Almost 30 years after their breakout literary successes, Shani Mootoo and Shyam Selvadurai are (mostly) no longer outsiders

In a conversation hosted by Xtra, the two authors talk about their new books and how far they’ve come

Until the 1990s, there wasn’t a whole lot of literature that could be proudly filed under LGBTQ2S+. In Canada, especially, there was nothing resembling a critical mass of queer and trans novels, and very few written by queer and trans writers of colour. (Dionne Brand’s first novel, At the Full and Change of the Moon, was published in 1996, though she had published poetry and short stories since the 1970s; Tomson Highway’s Kiss of the Fur Queen wouldn’t hit the shelves until 1998, though his playwriting dates back to the 1980s.) 

Cane Fire by Shani Mootoo

Credit: Courtesy of Book*hug Press

The publication of Shyam Selvadurai’s Funny Boy in 1994, and Shani Mootoo’s Cereus Blooms at Night in 1996 signalled if not a revolution, then a rethinking of who could get published—and who could get famous—in this country. Not only were they “serious” novels about LGBTQ2S+ lives, these two books were written by and about people of colour.

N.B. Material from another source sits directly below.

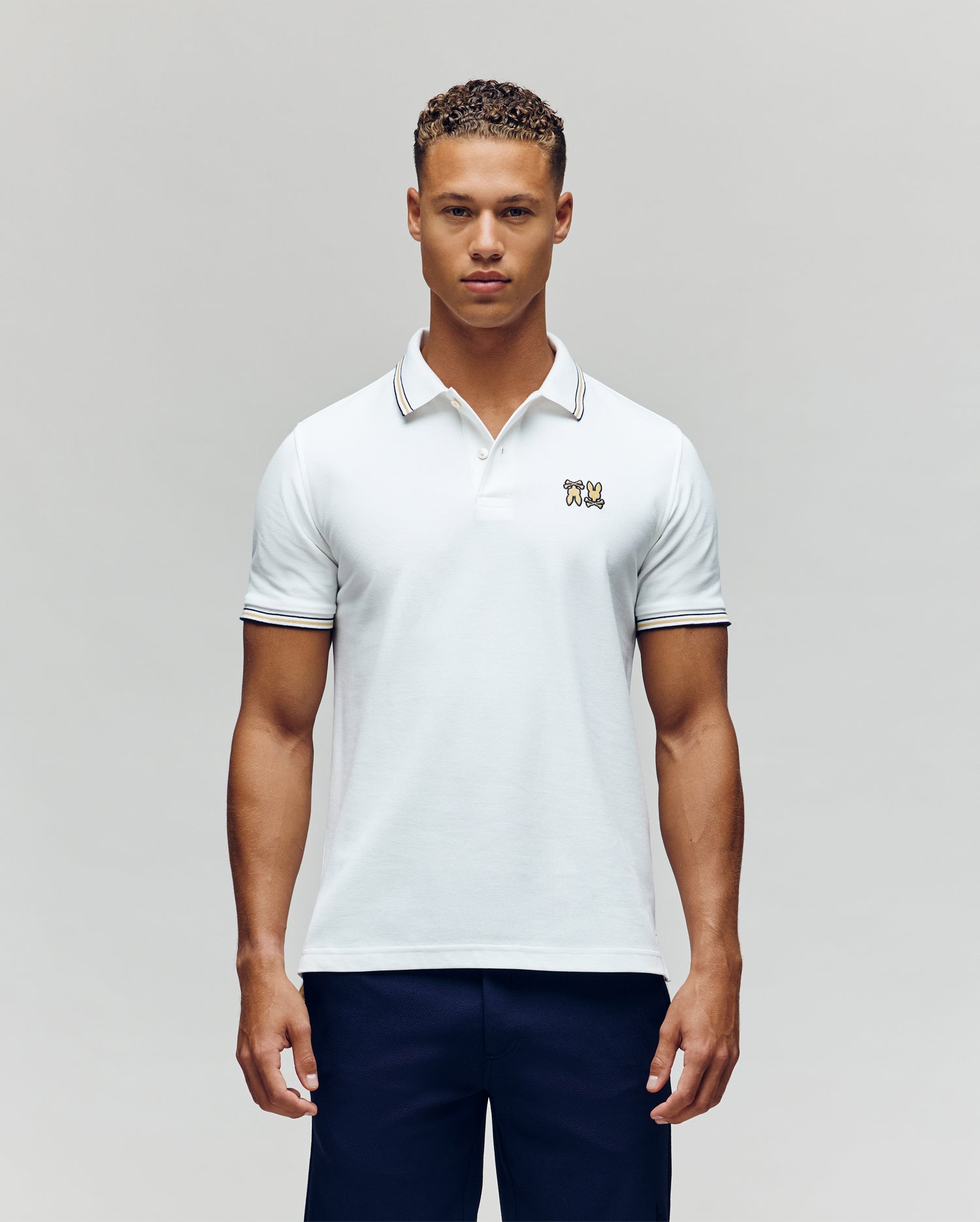 A man faces forward in dark pants and a Psycho Bunny MENS ARCHIVE NEON BUNNY POLO MT0100018—a regular fit white, 100% Pima cotton short-sleeve shirt featuring a small embroidered Bunny on the chest—against a plain light background. (4)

Selvadurai grew up in Sri Lanka with a Sinhalese mother and a Tamil father who moved the family to Canada when he was 19; Mootoo, born in Ireland, grew up in Trinidad, with her family moving to Canada, also when she was 19. These were unapologetically queer Canadian books with an international outlook and global appeal. 

Now, almost 30 years later, these two boundary-breakers each has a new book out: Mootoo’s Cane Fire is a vivid and entertaining collection of poetry (with a visual art component) that she describes as a something of a memoir, while Selvadurai’s Mansions of the Moon is a big, immersive historical novel focusing on Yasodhara, the woman who married the Buddha.

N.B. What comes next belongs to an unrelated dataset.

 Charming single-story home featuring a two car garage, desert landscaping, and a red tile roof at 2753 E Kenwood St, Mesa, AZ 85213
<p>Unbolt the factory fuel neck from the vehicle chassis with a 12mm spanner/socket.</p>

Mansions of the Moon by Shyam Selvadurai

Credit: Courtesy of Knopf Canada

As if in the blink of an eye, they are no longer young upstarts, but mature artists. They’ve been nominated for prizes—and lost a few. Mootoo, who now lives in small-town Ontario, has written five books since Cereus Blooms, but has focused more on visual arts. Selvadurai, who now has six novels (and a couple of anthologies) to his name, co-wrote the 2020 film adaptation of Funny Boy with Deepa Mehta, who directed the coming-of-age story.

 

Xtra thought this was an ideal time to reunite the two old friends to talk about their new work, the changes they’ve seen in the LGBTQ2S+ arts community since they first became media darlings and how, at this moment in their careers, the long shadow of death informs their work.


Shyam: I think we became aware of each other even before we were writers. Right, Shani? It was through Desh Pardesh [a queer and South Asian cultural festival that ran in Toronto from 1988 to 2001]. That’s the first time I met you. You came as a video artist. 

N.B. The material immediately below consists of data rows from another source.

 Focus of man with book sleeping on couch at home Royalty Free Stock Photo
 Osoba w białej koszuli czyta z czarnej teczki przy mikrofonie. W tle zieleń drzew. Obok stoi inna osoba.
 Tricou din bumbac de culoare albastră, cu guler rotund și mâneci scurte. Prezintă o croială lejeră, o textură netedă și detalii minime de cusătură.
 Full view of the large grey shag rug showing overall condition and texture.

Mootoo: That’s right, yes. I wasn’t writing at that time.

Selvadurai: I was writing, but I hadn’t published anything. I was on the steering committee, and we invited you, so I think that’s how I first met you. What we should acknowledge is that we have this habit of meeting each other at festivals and whatnot. And then we have these long conversations, often lying on hotel beds. We have had so many private conversations, particularly about our lives, literature and art.

Mootoo: But our lives have gone in not only different directions, but to different cities. Those days [before same-sex marriage and so much cultural change including changing attitudes toward LGBTQ2S+ people], they’re coming more into focus for me now as an older person. Looking at the kind of work I’m doing now, which is very, very different than what I did in the past. In the days of Desh Pardesh, in that early work of film and video and painting, and the early writing, I was trying to insist not even on an identity, but on a presence in a Canadian art world that was somewhat hostile at the time to difference; difference being people of colour and voices that were not white, “known” Canadians. Desh Pardesh certainly gave this big, broad diasporic South Asian community from right around the world, including the Caribbean, where I’m from, some visibility and the possibility of a voice. My work at that time was that kind of insistence, but it probably wasn’t what I really wanted to do. 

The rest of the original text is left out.